Может ли представлять психологический, социальный интерес этот портрет? Несомненно. Один из немногих благожелательных отзывов на роман Золя дает возможность увидеть образ Муре в широком социальном аспекте. Это — вступление к публикации романа «Проступок аббата Муре» в журнале «Вестник Европы»: «Мы видим на сцене современной истории громадную армию ультрамонтанов и клерикалов то в их колоссальной борьбе с светской властью в Германии, то в ряде интриг, которыми они опутывают Францию, заливают кровью Испанию, подкапываются везде, где могут; но мы мало знаем, как вырабатывается эта армия; как она приготовляет себе адептов, будущих вождей и послушные им орудия, как она пользуется при этом в особенности безбрачием светского духовенства и как это безбрачие влияет на моральный быт отдельного человека; разъяснению именно этой последней темы и посвящен специально новый роман Золя»[140]
.После «Монахини» Дидро с ее грозной, публицистически выраженной антикатолической тенденцией во французской литературе не появлялось произведения, подобного «Проступку аббата Муре», где выработанная столетиями система религиозного воспитания ума и чувств, направленная на то, чтобы сделать человека «только вещью бога», предстала в наглядности и деловитой обыденности.
В связи с романом Золя нельзя не вспомнить страницы повести великого просветителя, где идет речь о жертвах, обреченных церкви.

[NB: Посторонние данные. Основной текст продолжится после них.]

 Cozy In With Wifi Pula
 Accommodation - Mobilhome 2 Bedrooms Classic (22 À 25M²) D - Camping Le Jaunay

Одни из тех, кому дано увидеть «всю глубину своего несчастья», тщетно пытаются найти утешение у подножия алтаря, «призывают небо на помощь»; другие «ищут глубокого колодца, окон повыше, петли и порой находят это»; иные — слабые и хрупкие — томятся и угасают. «Счастливы только те монашествующие, которые несут свой крест, видя в том заслугу перед богом». Вот это уже напоминает счастье Сержа Муре и подобных ему, добровольно избравших путь отречения от жизни и не заметивших даже насилия, когда-то совершенного над их волей. «Счастье этой жизни они отдают в обмен на будущее блаженство; они обеспечивают его себе, добровольно жертвуя земным счастьем. Настрадавшись вдоволь, они говорят богу: „Amplius, Domine — господи, усугуби мои муки“… И почти никогда не бывает, чтобы бог не услышал этой молитвы…»[141]

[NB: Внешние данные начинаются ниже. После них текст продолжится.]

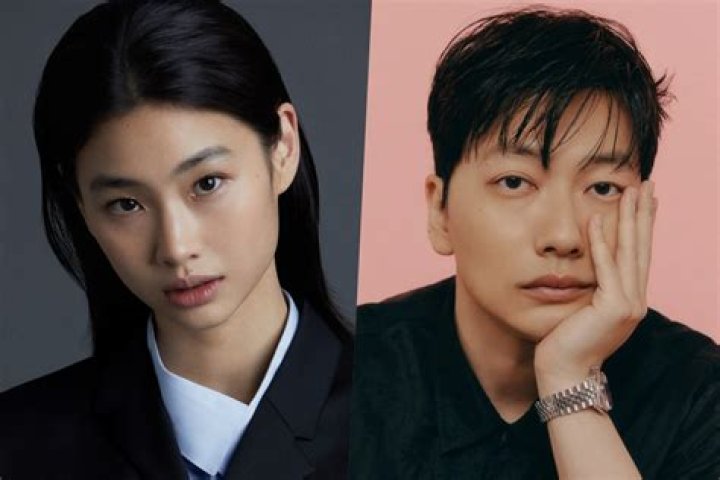 Who Is Lee Dong-hwi? Meet The Striking Boyfriend Of Hoyeon!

.К исступленному культу девы Марии у Сержа Муре явственно примешивались оттенки земного обожания, и однообразное нанизывание одних и тех же слов в бесконечном повторении «Ave Maria» походило «на непрестанное признание в любви», всякий раз приобретавшее все новые, глубокие оттенки. Жажда жизни не совсем задавлена была в нем суровым уставом, но она проявлялась парадоксально — в формах, враждебных жизни, в состояниях религиозного экстаза. «Я смутно надеялся, что ты меня отыщешь, — признавался аббат Муре Альбине. — Видишь ли, я ждал тебя уже давно, но я никак не думал, что ты придешь ко мне без покрывала на волосах…» Соперничество с девой Марией даст Альбине минуты торжества. Она услышит от Сержа Муре: «Ведь это ты извлекла меня из-под земли… Как я мог жить без тебя… Я и не жил, я походил на какое-то сонное животное». Но у него не достанет сил освободиться вполне. Церковь возвышалась над ним «своими алтарями, своей исповедальней, своей кафедрой, своими крестами и образами святых».

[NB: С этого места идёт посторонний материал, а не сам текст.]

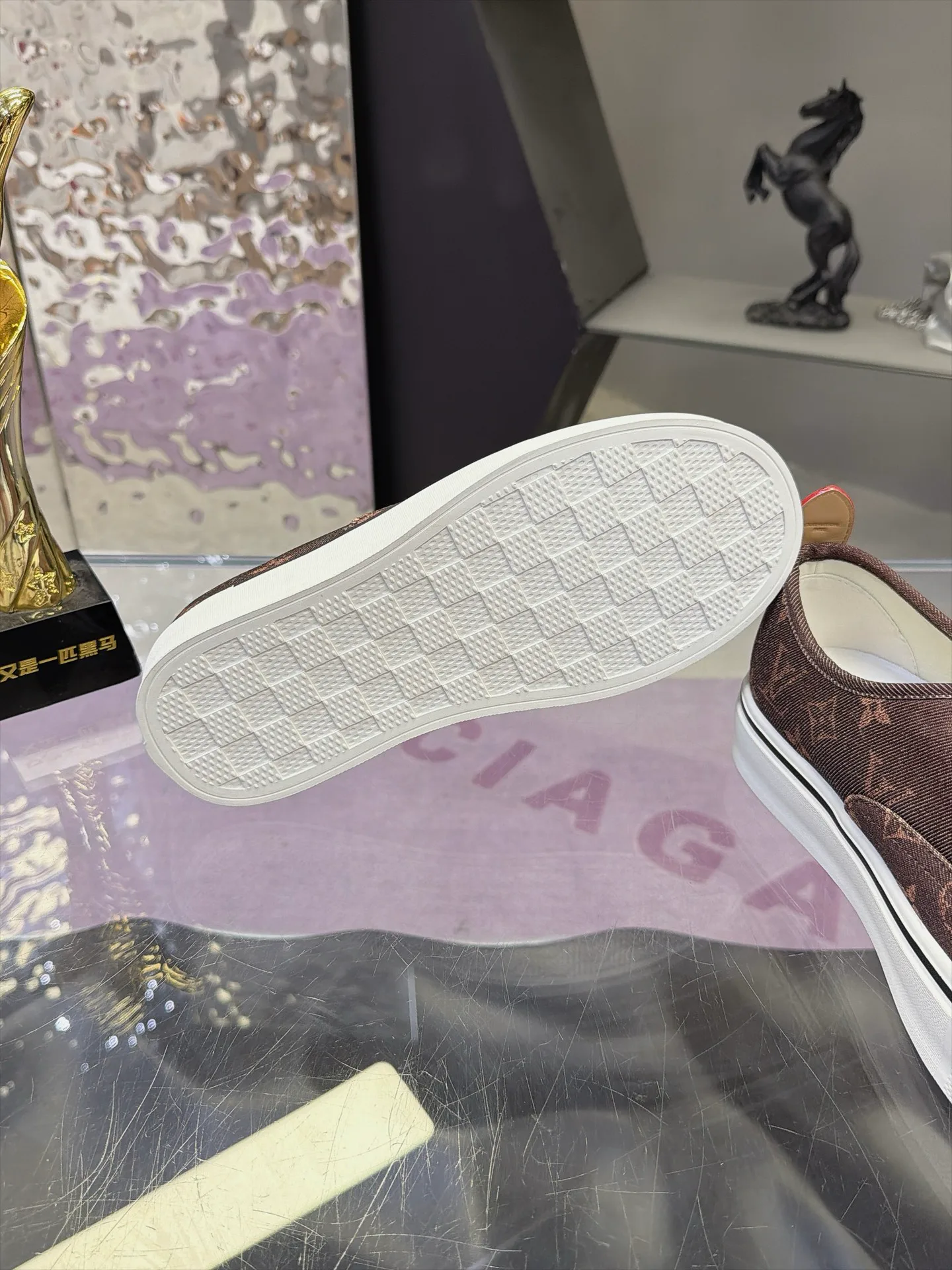 Кроссовки Мужские Louis Vuitton 17930902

«Я не хочу больше ощущать внутри себя ни нервов, ни мускулов, ни биения сердца, ни каких-либо желаний», — взывал аббат Муре к богу. «Я желаю быть камнем, который не сдвинется с места, на какое ты его бросишь; камнем, у которого не будет ни ушей, ни глаз…» Покинув Параду, он пытался стать камнем и, наконец, преуспел в этом.
Ранним утром аббат венчает деревенских жителей— Розали и Фортюне. А подружка невесты Бабэ, забежавшая в церковь по дороге на поля, по-своему переводит его глубокую сосредоточенность, поглощенность молитвой: «Мне кажется, у него какое-то горе».
Только что отказавшийся от счастья, осудивший себя на вечное одиночество, аббат Муре вразумляет соединившихся в браке, наставляет женщину, как жить ей, исполняя долг свой: «Будьте вашему мужу успокоением, счастьем…опорой его в часы уныния… Так и идите вдвоем, никуда не сбиваясь с прямого пути… Иначе вас ожидает страшная кара — потеря вашей любви». Он произносит слова, никогда, наверное, не звучавшие в этой церкви; слова, скорее из «Песни песней», чем из проповеди деревенского священника, венчающего согрешившую пару: «О, как тяжко жить без любви, оторвать плоть от плоти своей, не принадлежать тому, кто есть половина вас самих, погибать вдали от того, кого любишь».